I swear, if I find out you're lying, I'm going to put your name on one of those herpes watch websites and put the link up on every social networking site in existence.
Hey when you come over to pick me up in the mornin bring a camera. This is going to be legendary. Don't knock.... They might cover up
so apparently we got drunk enough at the reception to rip the center pieces apart and use the flower vases as "fancy glasses"
Question: Is it too early to claim April Fools on the text "can we do some lines before the concert" that I accidentally sent Mom?
Our local strip club now has karaoke. Do you realize what this could mean for my sex life?

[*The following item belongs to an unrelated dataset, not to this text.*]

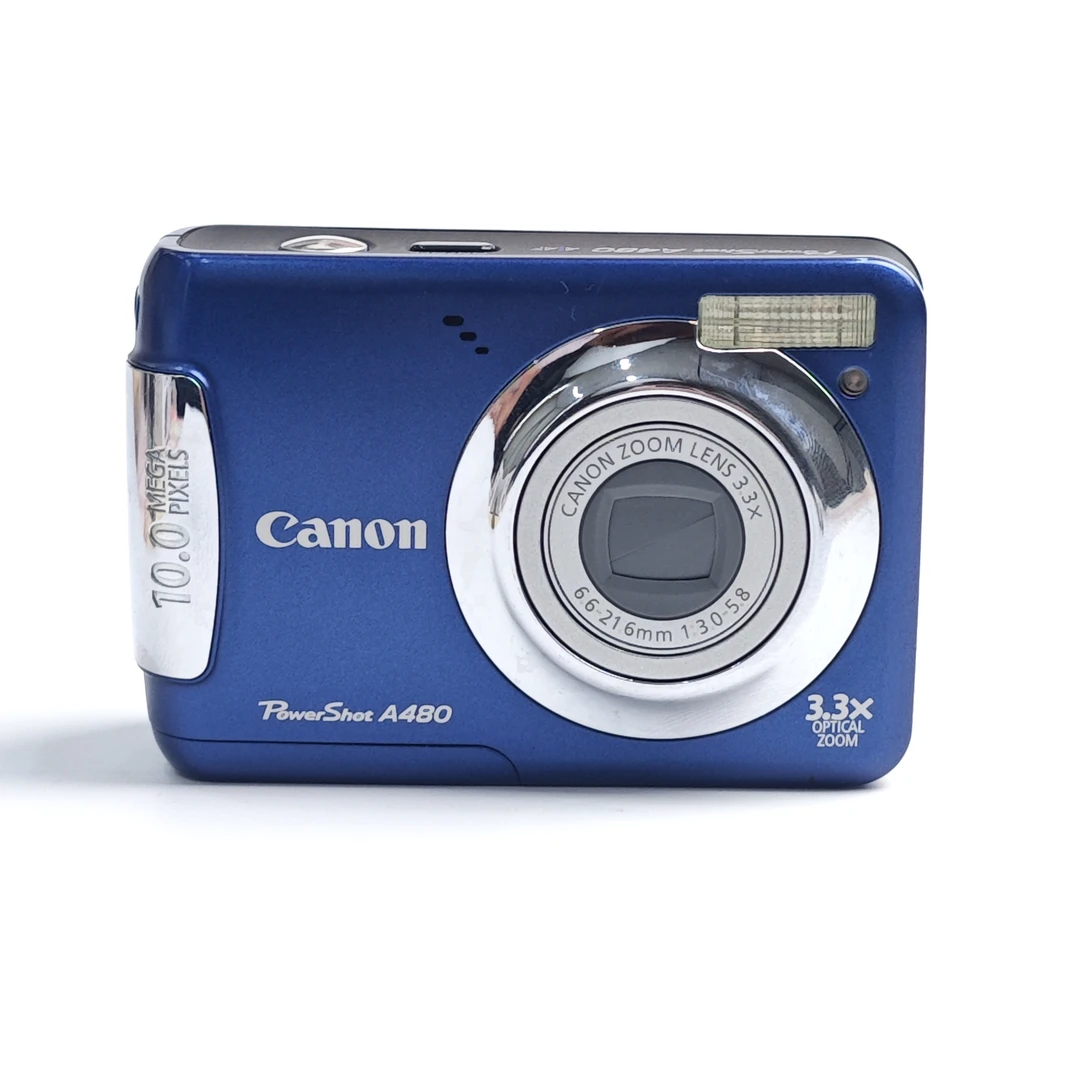 95新 Canon/佳能 a480蓝色一千万像素电池自备小面包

You broke into someone's house and stole a pan of lasagna.
She was so morning drunk she asked the lady at brueggers for a bandaid and my self respect back
So like 5 seconds in I realize I knew him in 3rd grade and I went limp in his mouth. It felt like I just murdered the last unicorn ever. Going straight never felt like an option till now.
He talked to you for like two seconds while you were shit faced doing Forest Gump impressions...how is that possible?

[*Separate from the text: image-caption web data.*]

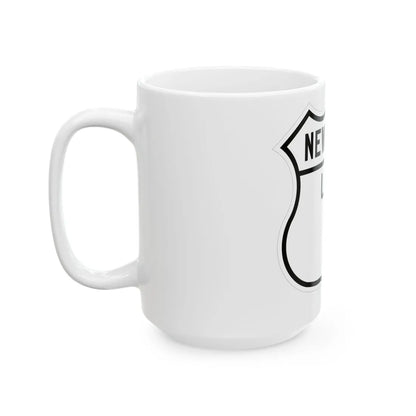 US 1 New York 1926 (New York) (Road Sign) White Coffee Mug - Go Mug Yourself
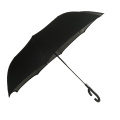 бесплатная доставка обратный ветрозащитный пользовательский автоматический перевернутый зонт для автомобиля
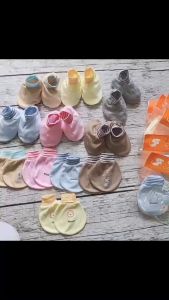 Bộ bao tay bao chân sơ sinh cổ bo Newborn cho bé 0-1 tháng  nhẹ kg < 3.5kg chất liệu vải sợi tre  thương hiệu MINTUU - Hanas Kid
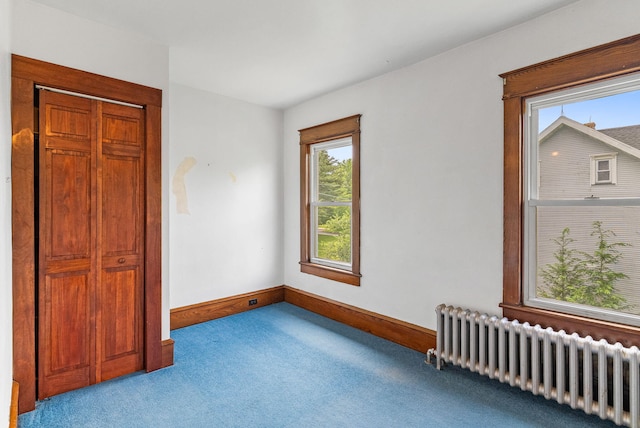 100 Mahoning Dr E, Lehighton, PA 18235 - spare room featuring radiator and carpet floors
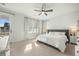 Main bedroom with king-size bed and access to a balcony at 212 Magnolia Garden Dr, Summerville, SC 29483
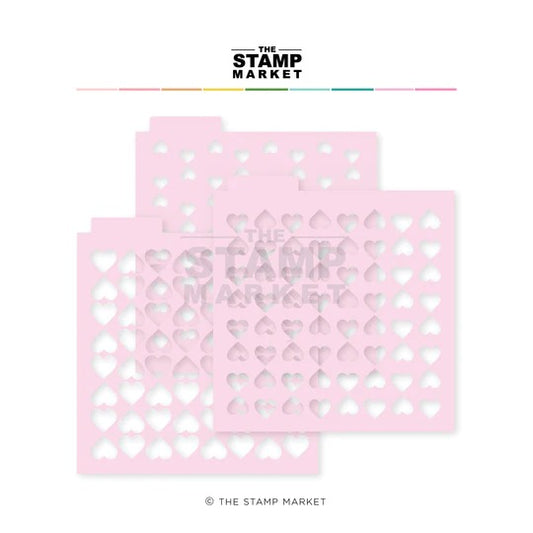 Layered Hearts Stencils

Talked to Nate, told him he was a douche. Will give details when sober. It's ok. You're my best friend together a wolf pack. Olive juice.

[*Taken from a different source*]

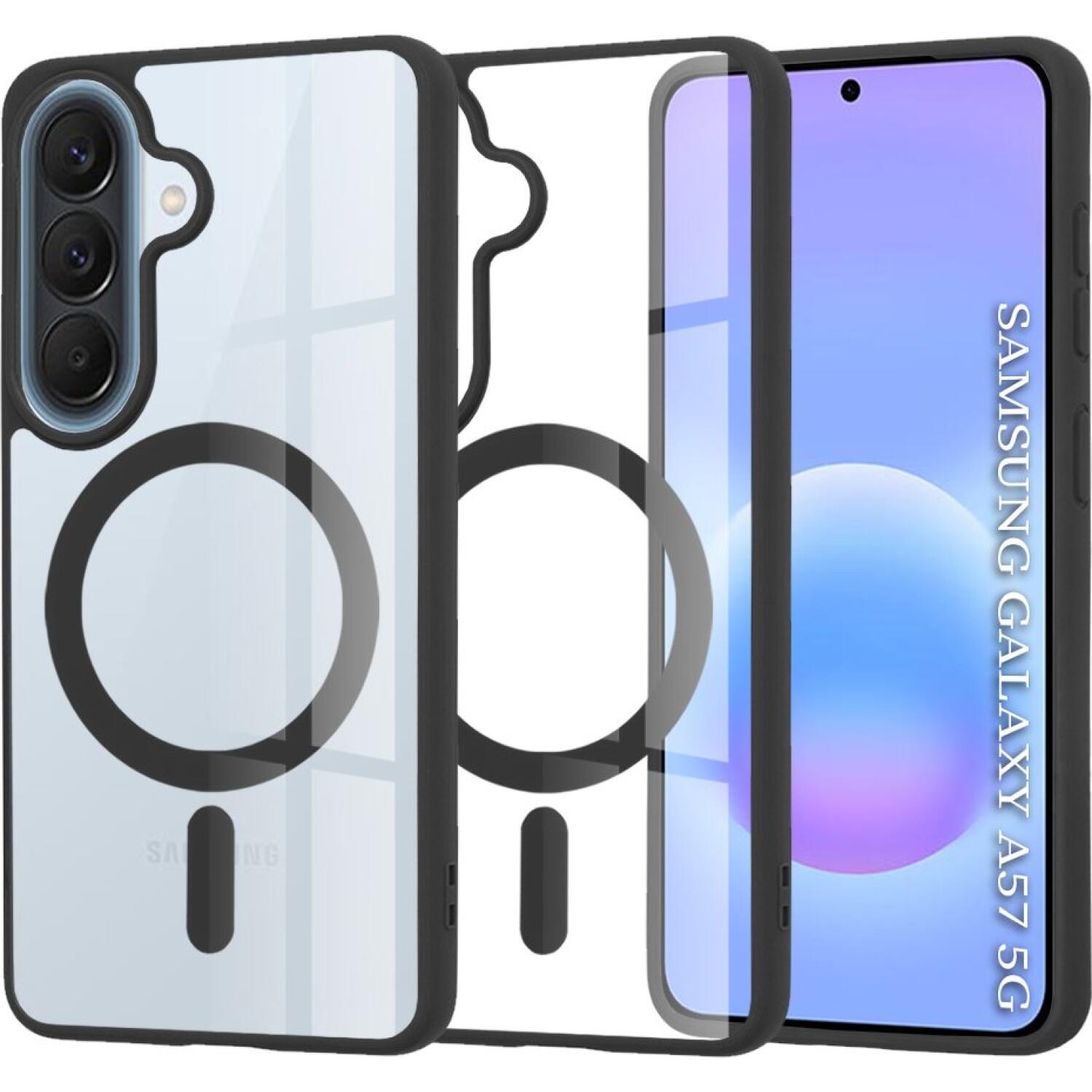 Θήκη Samsung Galaxy A57 Techsuit MagSafe Pro Σκληρή Διάφανη με MagSafe Black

If my mom walks in on me masturbating one more time I'm moving out
You'd think the first few times would have been enough
My life is sponsored by tidy cat kitty litter, Bacardi rum, and plan b.
I'm a bit offended I got no nudies back but it's whatever
They're in the mail. Snapchats too fast. I want the suspense.
Just walked by the neighbors and they are definitely butt naked sitting on a bed, watching Netflix, baked out of their minds, with the blinds open.
Welcome to Bellingham.
tell your brother to quit sending me his dick pics what am i going to do with them print them out and shove them up my ass???